The German disinterest in biological warfare was partially due to the fact that Germany was situated in the middle of Europe, and the countries that would be logical targets for bioweapon attacks were right on Germany's borders. Since pathogens are poor respecters of borders, the Germans had strong reasons to not develop bioweapons.
England, separated from potential enemies by the English Channel, was in a better position to conduct biowarfare, and the Americans were in an even safer position, with their enemies oceans away. Similarly, as an island nation, Japan had a degree of separation from China that made bioweapons attractive to the Japanese.
General Ishii's bioweapons research staff at Pingfan kept up their efforts until the very end of the war. In fact, the Japanese had even developed a technology that could have allowed them to conduct biological attacks on the United States, in the form of balloons that were released into the jet stream to float across the Pacific to North America.

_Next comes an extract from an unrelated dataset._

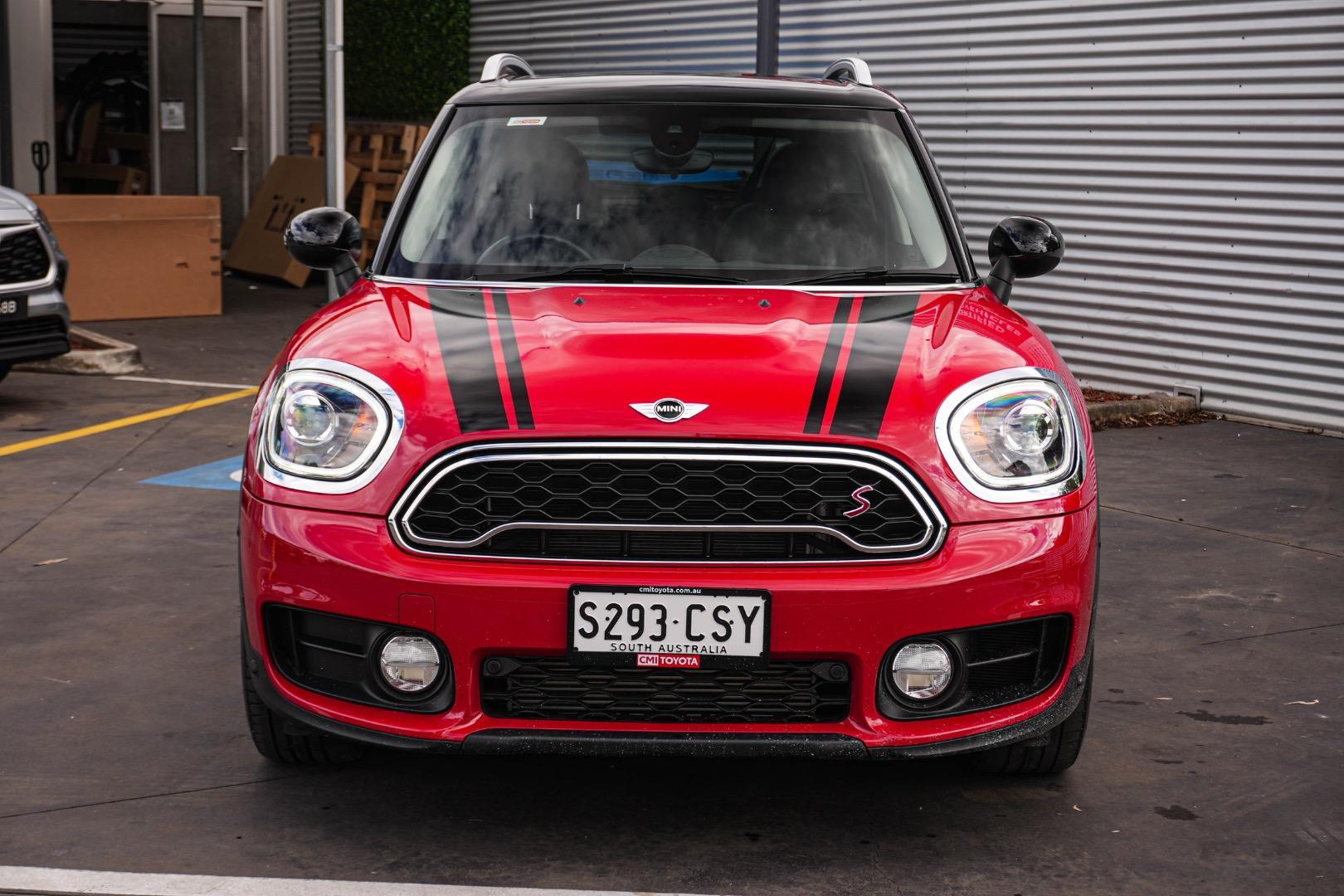 2017 MINI Countryman Cooper S in Red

The "fusen bakudan (fire bombs)" carried incendiary bombs that were dropped automatically when a timer ran out. Hundreds were launched beginning in the fall of 1944 and into early 1945, and a good number of them reached the US and Canada. They did very little damage, but the Japanese had considered using them for biological attacks, which could have potentially made them more dangerous.

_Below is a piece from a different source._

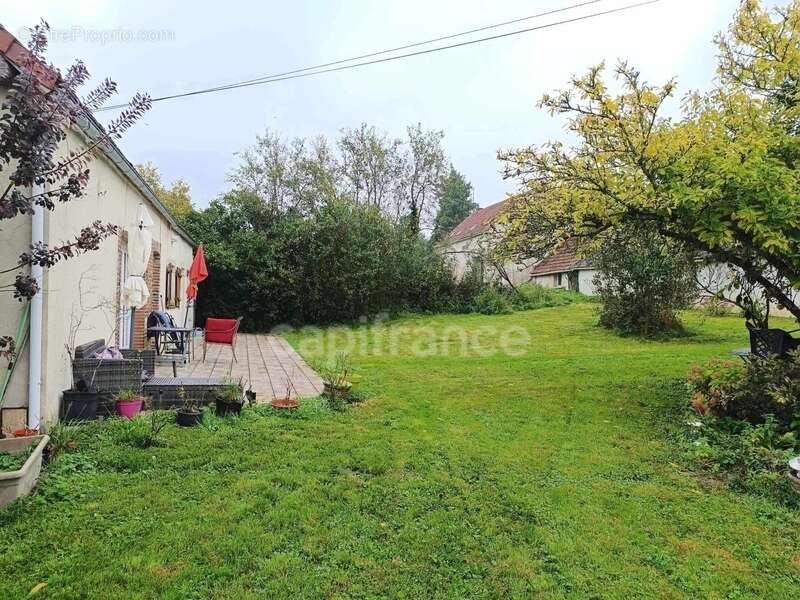 Maison à LES BORDES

The Americans developed a weapon of mass destruction that outdid anything the Japanese had. The US dropped two atomic bombs on Japan in August 1945, and the USSR declared war on Japan at the same time and invaded Manchuria. Japan surrendered. The Pingfan complex was demolished ahead of the advancing Soviets, and Unit 731's most incriminating records were destroyed. Ishii and his men did make sure they saved a significant set of documents relating to scientific observations made at Pingfan, and set them aside in a safe place.

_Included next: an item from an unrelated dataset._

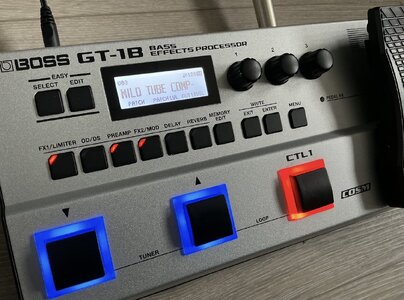 Boss GT-1B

Stories persist that the Unit 731 dissected prisoners without anesthesia; that Allied prisoners of war were among the test subjects; and that Japanese soldiers passed out anthrax-laced candy to Chinese children. The destruction of records makes these stories unproveable, and the full truth will never be known. In any case, the things Unit 731 researchers were actually known to have done were damning enough to make the more lurid accusations irrelevant, though at the same time they make such accusations more believable as well.
* The Americans, now Japan's masters, only knew vague rumors about the activities of Unit 731. They interrogated Ishii, who had returned to Japan, and he simply told them that he had conducted research on defenses against bioweapons. There was no evidence to dispute this claim until the Soviets began to sort out what they captured at Pingfan and elsewhere in Manchuria. The Soviets then asked the Americans to turn Shirou Ishii and his officers over to them.
The Americans were halfway inclined to go along with the request until Ishii, justifiably panicked by the idea of being handed over by the Soviets, confessed that Unit 731 had in fact been involved in offensive bioweapons development, and had conducted field trials against Chinese civilians.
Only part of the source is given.